Data provided:
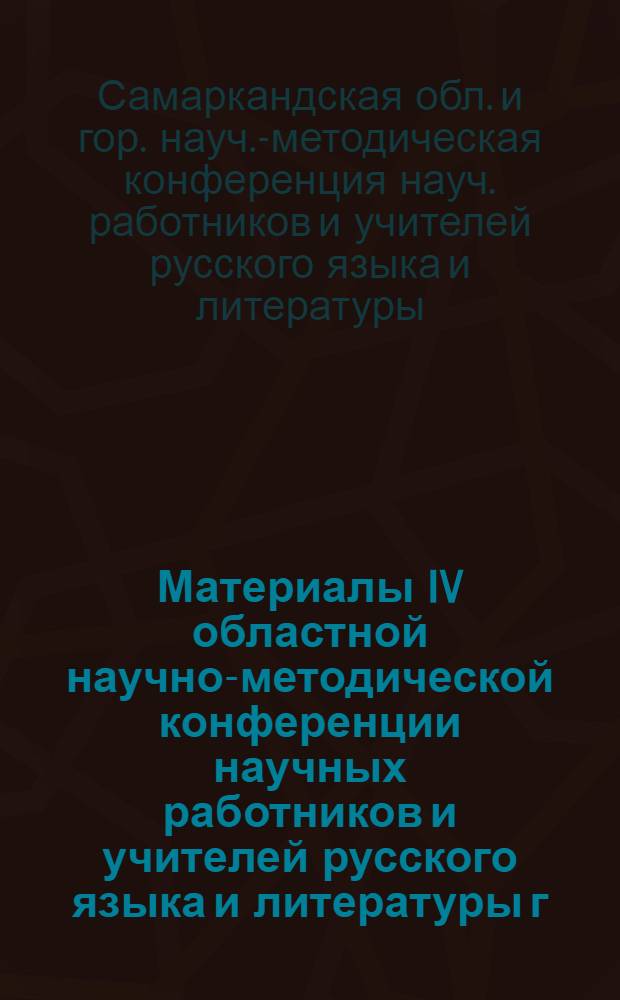 Материалы IV областной научно-методической конференции научных работников и учителей русского языка и литературы г. Самарканда и Самаркандской области. [25-26 мая 1970 г.]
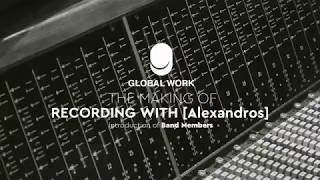 [ALEXANDROS]-Feel like Recording Documentary [EXIST!]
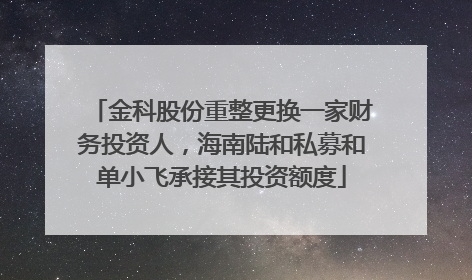 金科股份重整更换一家财务投资人，海南陆和私募和单小飞承接其投资额度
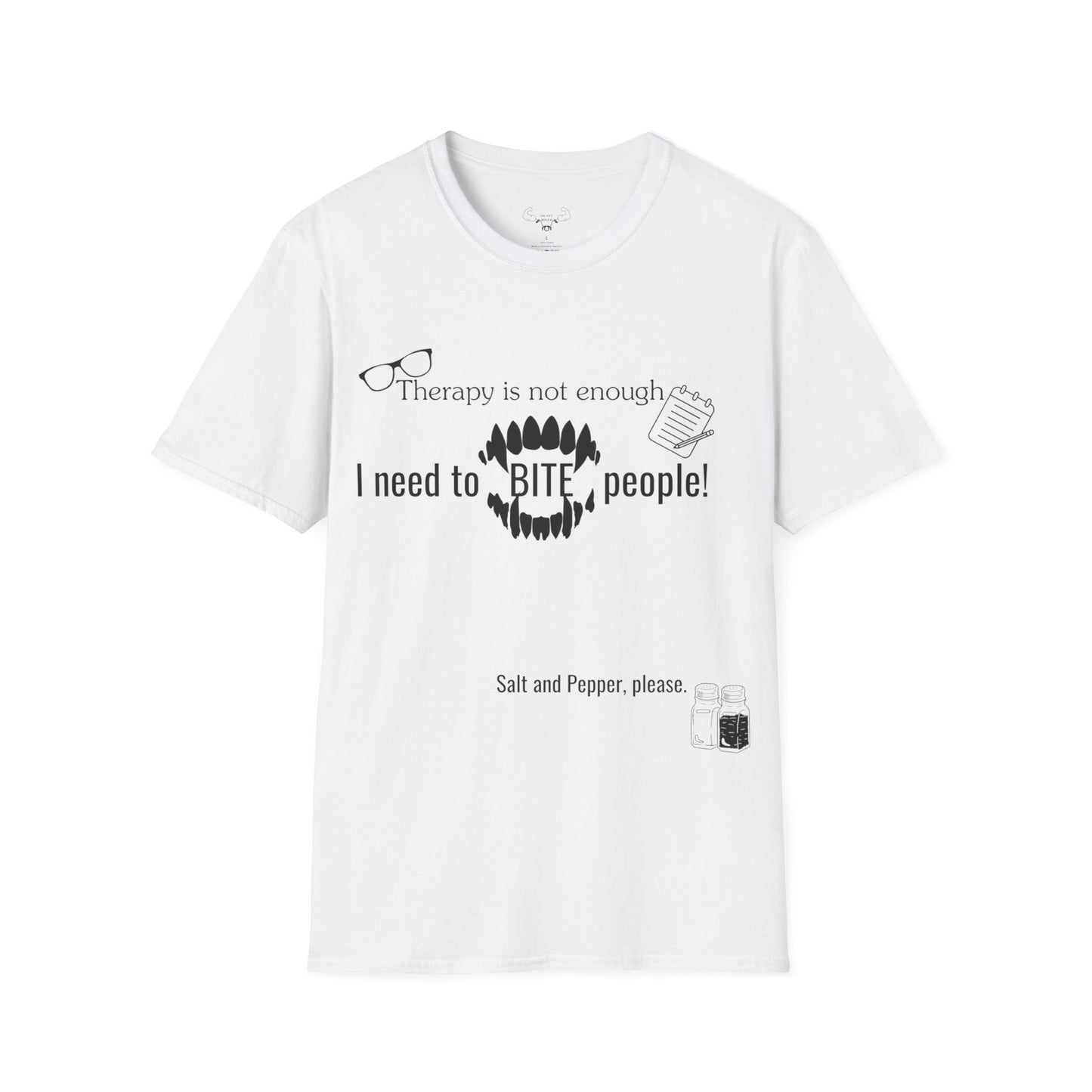 "Therapy isn't enough, i need to bite people" t-shirt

What is needed:
Since the pictures are not wanted, transcribe the rest of the listing above exactly.

Answer for the task:
 Материалы IV областной научно-методической конференции научных работников и учителей русского языка и литературы г. Самарканда и Самаркандской области. [25-26 мая 1970 г.]
 [ALEXANDROS]-Feel like Recording Documentary [EXIST!]
 金科股份重整更换一家财务投资人，海南陆和私募和单小飞承接其投资额度
 "Therapy isn't enough, i need to bite people" t-shirt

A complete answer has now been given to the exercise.